[[ Data open ]]

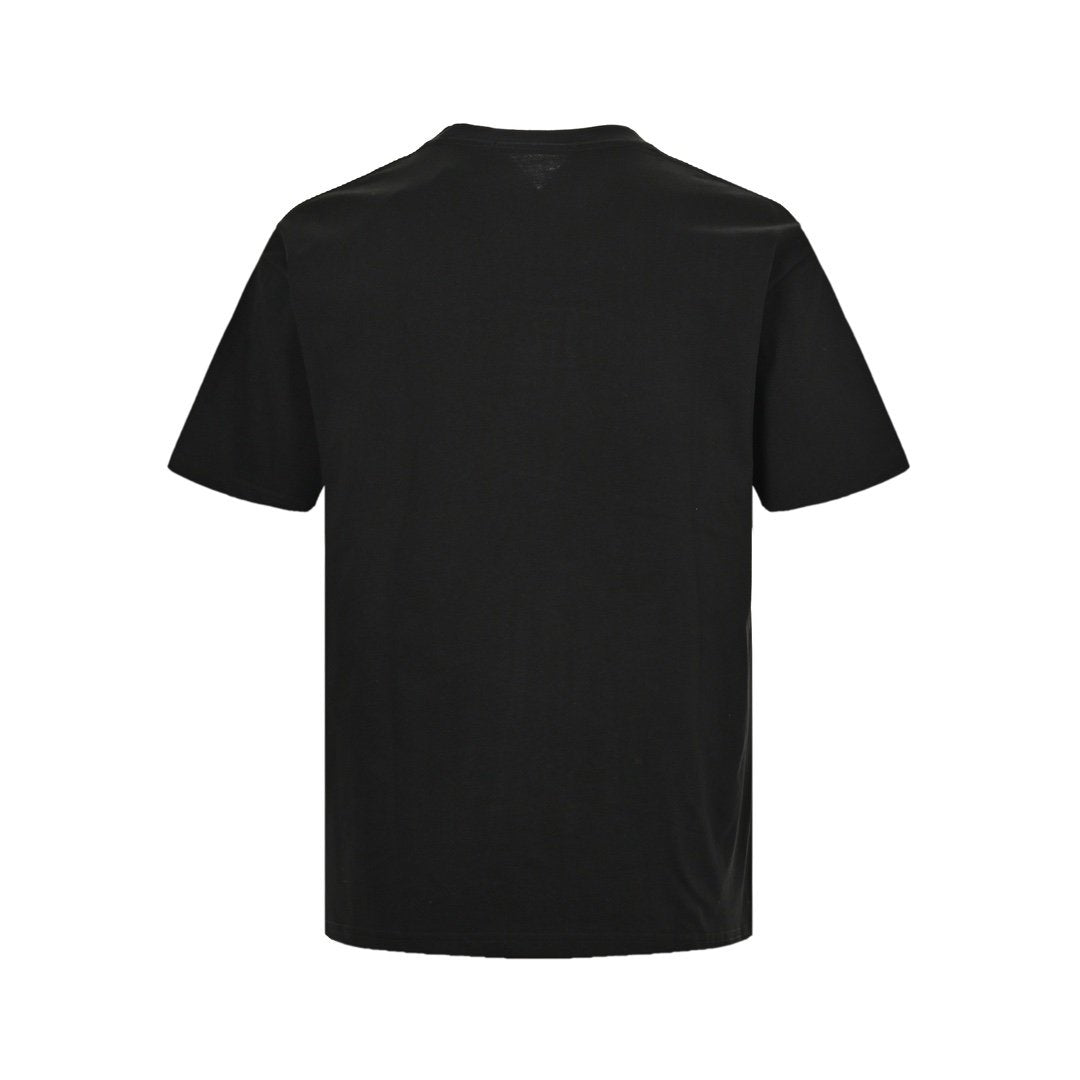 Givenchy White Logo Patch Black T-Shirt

[[ Data closed ]]
[[ Data open ]]

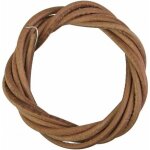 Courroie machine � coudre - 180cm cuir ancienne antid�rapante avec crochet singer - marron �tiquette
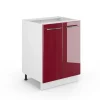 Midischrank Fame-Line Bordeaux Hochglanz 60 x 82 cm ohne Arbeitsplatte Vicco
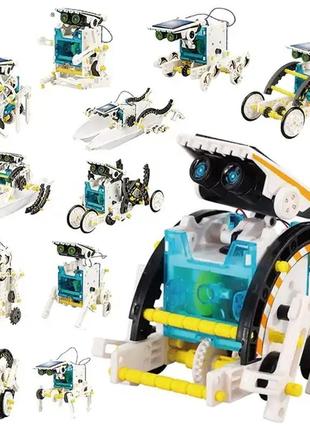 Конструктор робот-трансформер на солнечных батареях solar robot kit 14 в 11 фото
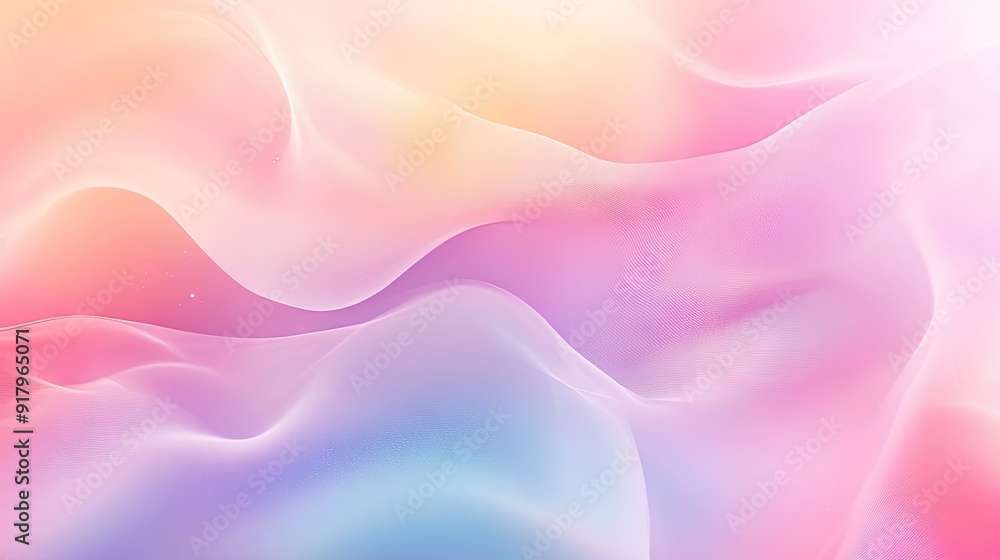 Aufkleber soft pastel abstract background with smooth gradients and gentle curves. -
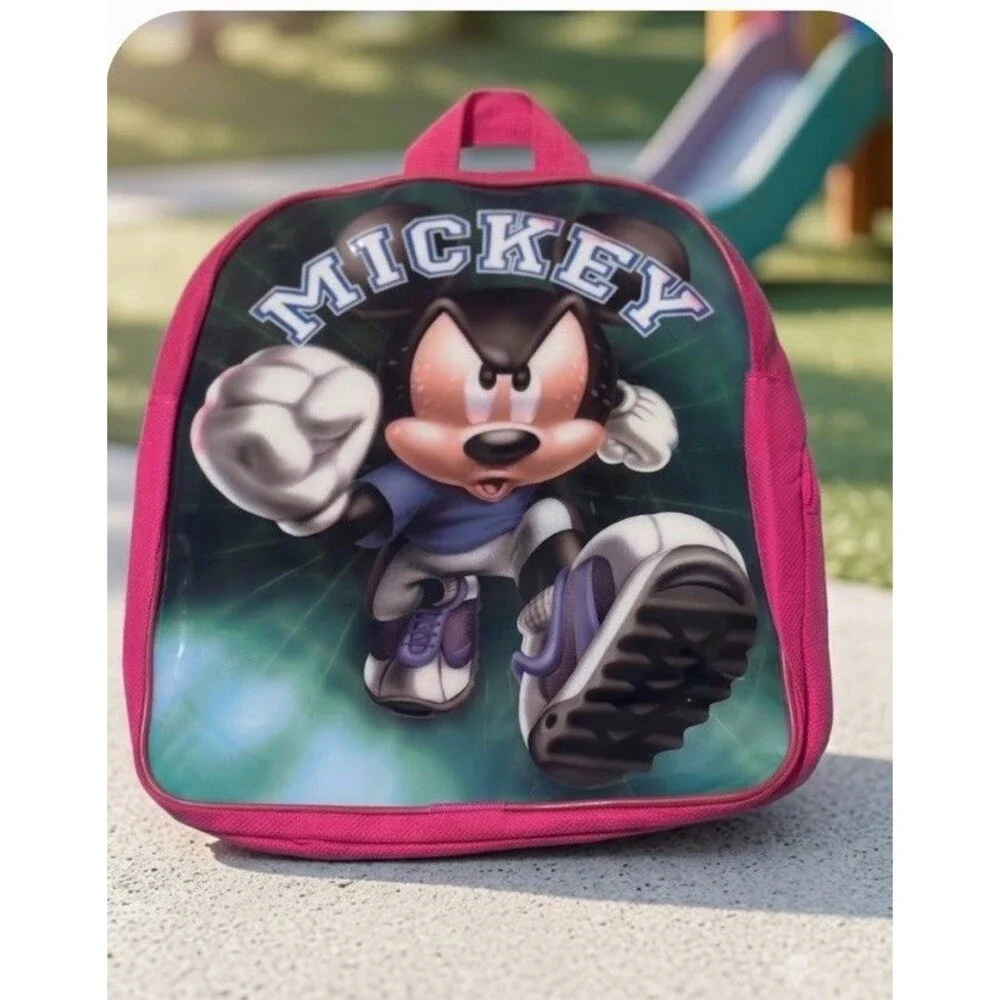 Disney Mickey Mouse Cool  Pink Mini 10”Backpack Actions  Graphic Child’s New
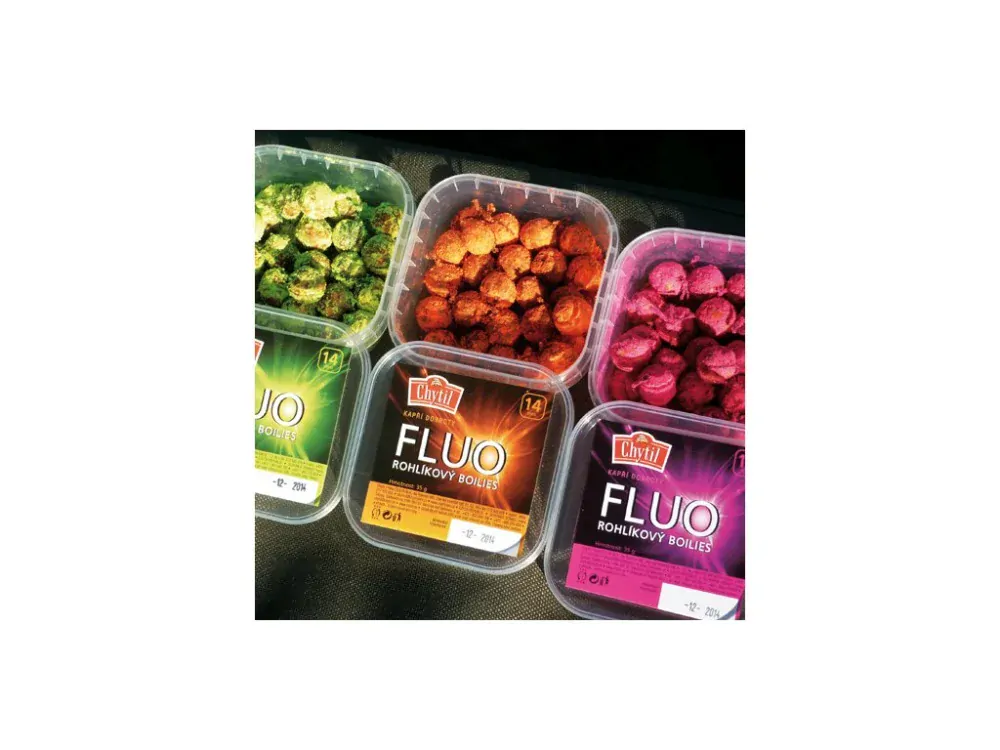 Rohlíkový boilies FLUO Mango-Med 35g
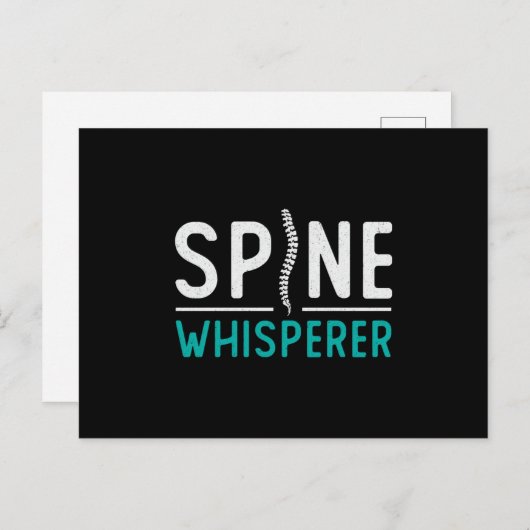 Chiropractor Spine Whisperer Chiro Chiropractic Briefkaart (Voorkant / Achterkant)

[[ Data closed ]]

## Activity
Your reply should consist solely of the lines above from the line containing "Конструктор робот-трансформер на" up to and including the line containing "Chiropractor Spine Whisperer", reproduced exactly, minus the pictures.

## Solution to the exercise
 Конструктор робот-трансформер на солнечных батареях solar robot kit 14 в 11 фото
 Aufkleber soft pastel abstract background with smooth gradients and gentle curves. -
 Disney Mickey Mouse Cool  Pink Mini 10”Backpack Actions  Graphic Child’s New
 Rohlíkový boilies FLUO Mango-Med 35g
 Chiropractor Spine Whisperer Chiro Chiropractic Briefkaart (Voorkant / Achterkant)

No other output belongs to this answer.